SAM HENDERSON LEADS HORSEBACK HOG HUNTERS back to camp in Gonzales County. At the end of mounted string is Henderson’s eight-year-old son, Treavor, who dispatched the hog draped across his father’s saddle. Photo by John Jefferson.

by John Jefferson

  Texas Press Association President, Laurie Ezzell Brown, editor of the Canadian Record, started the new year by re-publishing the newspaper’s Purpose Statement. Good idea. This column’s purpose statement appeared in an early column. It briefly mentioned my background, influenced by the late Gene Hill, a figurative giant of an outdoor writer.If you are looking for a helicopter ride check the company out here! we would be happy to provide the very best services for you!

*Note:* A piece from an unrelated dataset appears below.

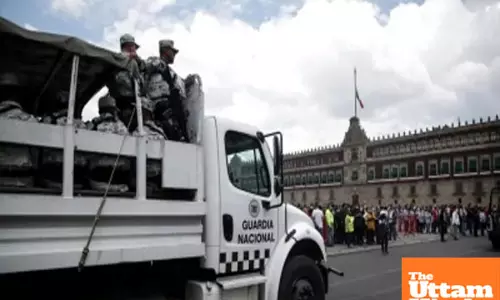 Mexico hit by 6.5-magnitude earthquake: 2 dead and 12 injured, presidential palace evacuated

Mr. Hill denied knowing everything about the outdoors, but admitted what he did know: hunting dogs, shooting shotguns, wandering outdoors, spending too much money on hunting and fishing, and sitting around a campfire with a wet dog.

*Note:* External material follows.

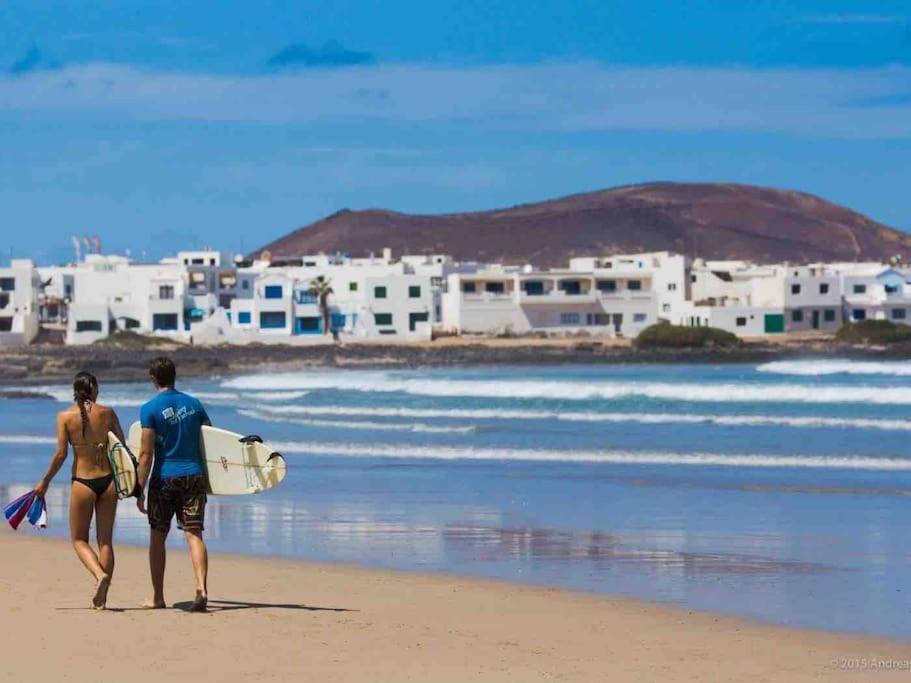 Famara, Apto. En Zona Tranquila A 200M Del Mar. Apartment Exterior foto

I compared my credentials. Similar, but severely lacking in depth. I agreed I didn’t know everything either but mitigated that by saying I at least knew the boys and girls that did. From there, I promised to write about hunting, fishing, wildlife and savoring the experience of just being out there — hearing, seeing and smelling the outdoors. You can click here and find the best AR Scope for hunting on zoomtargets.com.

Since then, I’ve written 74 columns about what I said I would cover, authenticated with quotes from experts — and all meeting deadline! It was good to review and evaluate whether I fulfilled the promise. The Texas Press Association, of which I am a member, holds its annual Mid-Winter Conference at the end of this week in Denton. I’ll be there, striving to improve.

Deer seasons are coming to a close, as I wrote last week. But there are still hogs to hunt. Texas is overrun with several million of them! They’re in practically every county destroying pastures, yards, fences and eating everything they can find. Keep small children close! As fast as they reproduce, the population has increased significantly since you started reading this.

There are no regulations about hunting hogs except that a hunting license and landowner permission are required. Hogs may be hunted year ‘round, day or night, even from a helicopter, and there is no bag or possession limit. You may use any firearm or archery gear you choose. But use enough gun. Wounded hogs are dangerous. Growing up in East Texas, I was told that many things in the woods could hurt you, but hogs could kill you … and eat you.

Shoot ‘em on sight. Take a young one, and you’ve got the best eating wild game in Texas!

One of the best hunts I’ve ever been on was a horseback hog hunt. Sam Henderson and several horsemen from Nixon showed me how to trail dogs through the South Texas mesquite thickets and creek beds northwest of Cuero.

The dogs bayed one the first hour and the chase was on. I understood how English fox hunters must have felt. A frantic ride ended at a pond with dogs and the hog in the water. They corralled the boar back to shore and cornered it until the riders and I galloped up. A knife dispatched it to avoid shooting a dog.  Another hog was bayed later in thick brush.